How U.S. debt threatens the economy
More of what I've been saying all along... This Jan 5, 2006 MSN Money article written by Roger Ibbotson, discusses the US deficit, the potential for a falling dollar, rising inflation rates, bond prices, Asian competition for natural resources, increased oil prices, etc.
Mr. Ibbotson, who holds a Ph.D, and is a professor of finance at the Yale School of Management, is probably just a tad bit smarter than me. So, for those of you who think I'm off my rocker with all this stuff, read his article below.
In 2006, look for a falling dollar and dropping bond prices, along with rising inflation and interest rates, as growing economies in China and India assert themselves.
You don't have to invest in China or India to be affected by the dramatic growth of their economies. And you don't have to be a politician to worry about trade and budget deficits.

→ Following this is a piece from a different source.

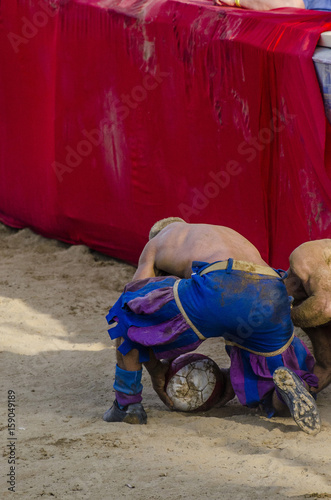 Calciante del calcio storico che sta raccogliendo la palla a terra photo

They're all interconnected, and they will all affect your pocketbook in 2006 and beyond.
Yes, the growth of the global economy has created tremendous opportunities for trade and investment -- and helped keep our economy growing at a healthy rate. But certain long-term problems are becoming more apparent as a result of the way goods and dollars flow around the globe. A few: The U.S. dollar, long-term bonds and financial firms may be in for a rough ride.
But my forecast isn't all doom and gloom. The overall stock market looks like a value at current prices, and some sectors -- most notably energy stocks -- should benefit from Asia's continued rise.
A surplus of deficits
A trade deficit simply means that we import more than we export. The net result of this is that more money flows out of the country than flows in. Prior to 1980, the United States was a net exporter, selling more goods overseas than it imported. But over the last 25 years, the situation has reversed. The trade deficit today has grown to record levels (now almost 6% of gross domestic product), with the biggest import-export imbalances coming from China, Japan and Southeast Asian nations.
We're all familiar with a budget deficit. That's where we spend more than we earn and have to borrow to fill the gap. We rely on credit cards to get through a budget deficit; the federal government issues Treasury bonds to finance its shortfall.
The U.S. has run budget deficits over a great deal of its history. The budget deficit today isn't even the highest it's ever been -- we ran larger deficits (as a percentage of GDP) during World War II. But what has changed over the last 25 years is that foreign governments, rather than U.S. citizens, have been buying this U.S. debt (in the form of Treasurys). Now, approximately half of this country's debt is held outside the United States, primarily by China, Japan and Southeast Asian nations.
Until recently, none of this was a problem. These creditor nations, with whom the U.S. also had its largest trade imbalances, were happy to buy up our extra government debt. The system worked. Folks here bought their exports, and they bought our debt. American consumers benefited from the flow of inexpensive goods, and foreign creditors benefited both from their return on investment and the continued consumption of their goods. This global interdependency helped to kept interest rates low and the dollar relatively strong.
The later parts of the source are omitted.